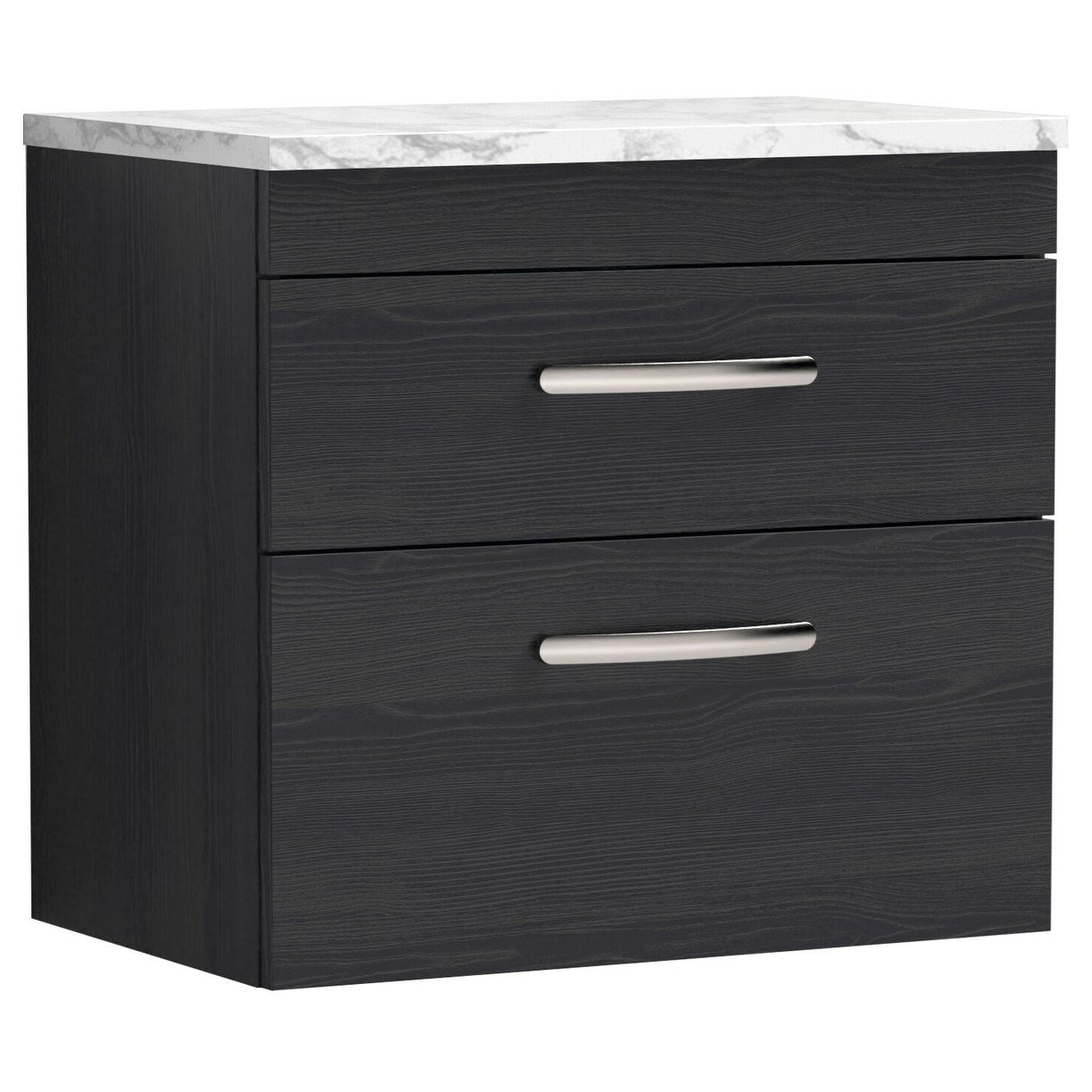 600mm W/H 2-Drawer Unit & Lam Worktop - Black Woodgrain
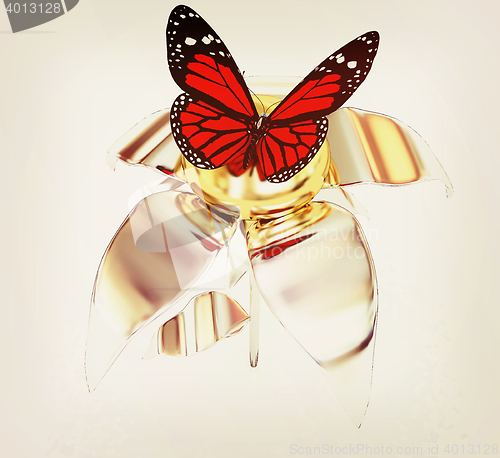 Image of Red butterflys on a chrome flower with a gold head. 3D illustrat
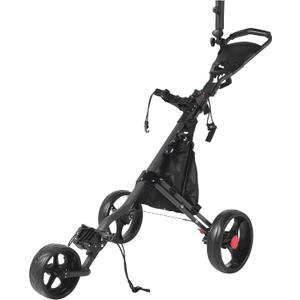 3 Wheel 360 Rotating Front Wheel Golf Push Cart Lightweight and Foldable Walking Golf Cart Umbrella Holder Included (3 Wheel)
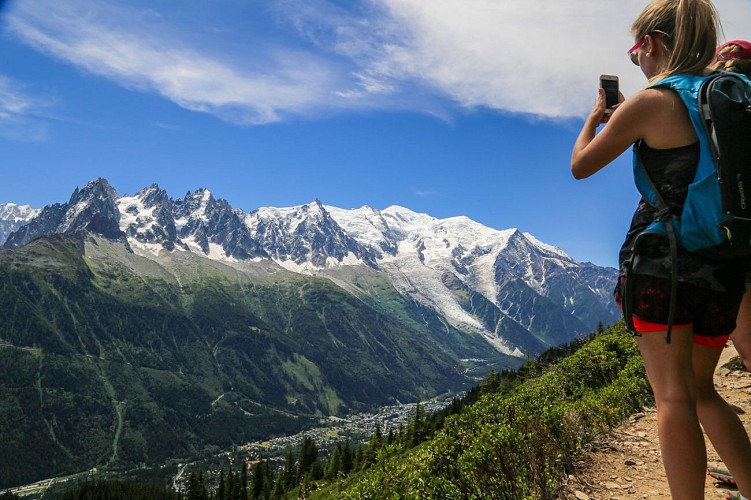 Grand balcon sud : planpraz- flégère vue sur le massif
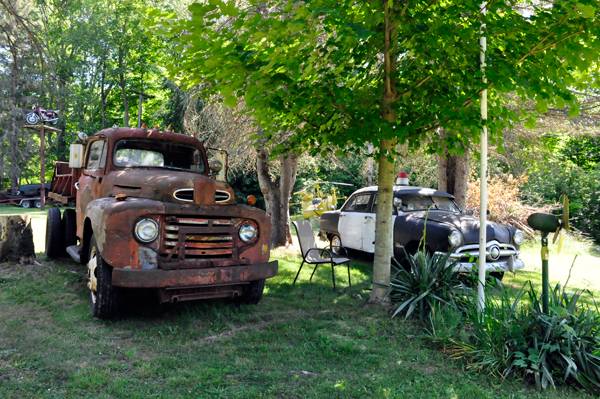 old truck and police car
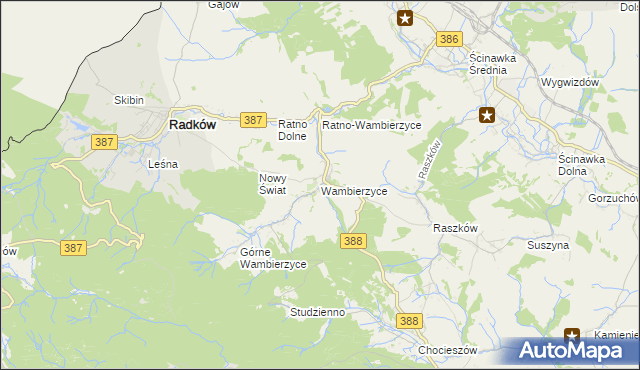 mapa Wambierzyce, Wambierzyce na mapie Targeo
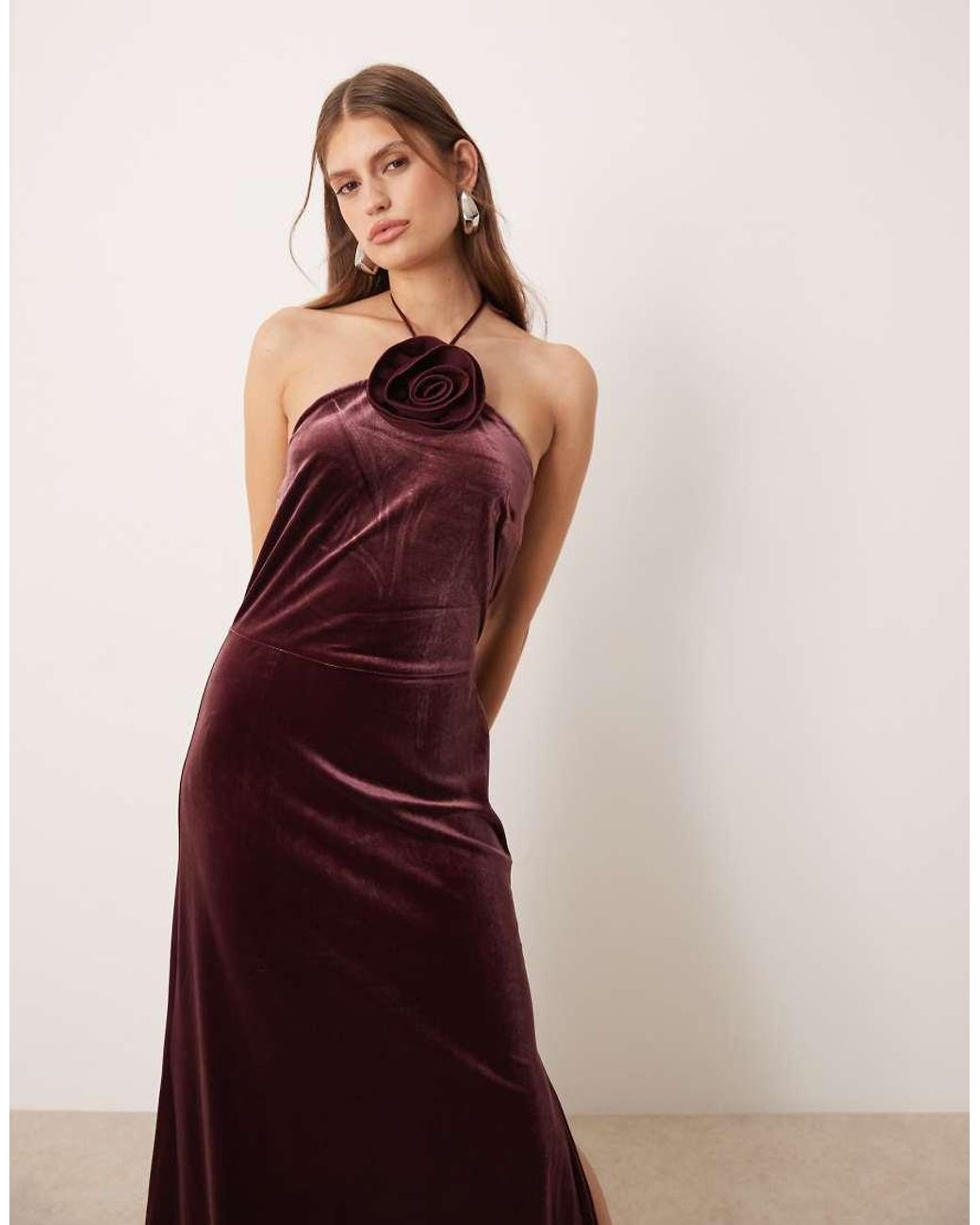 Y.A.S Red Velvet Halterneck Maxi Dress With Rosette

──────────────────────────────

▶ Exercise objective: With the pictures dropped, give every entry above again exactly.

▶ Task response:
 600mm W/H 2-Drawer Unit & Lam Worktop - Black Woodgrain
 Image of Red butterflys on a chrome flower with a gold head. 3D illustrat
 3 Wheel 360 Rotating Front Wheel Golf Push Cart Lightweight and Foldable Walking Golf Cart Umbrella Holder Included (3 Wheel)
 Grand balcon sud : planpraz- flégère vue sur le massif
 old truck and police car
 mapa Wambierzyce, Wambierzyce na mapie Targeo
 Y.A.S Red Velvet Halterneck Maxi Dress With Rosette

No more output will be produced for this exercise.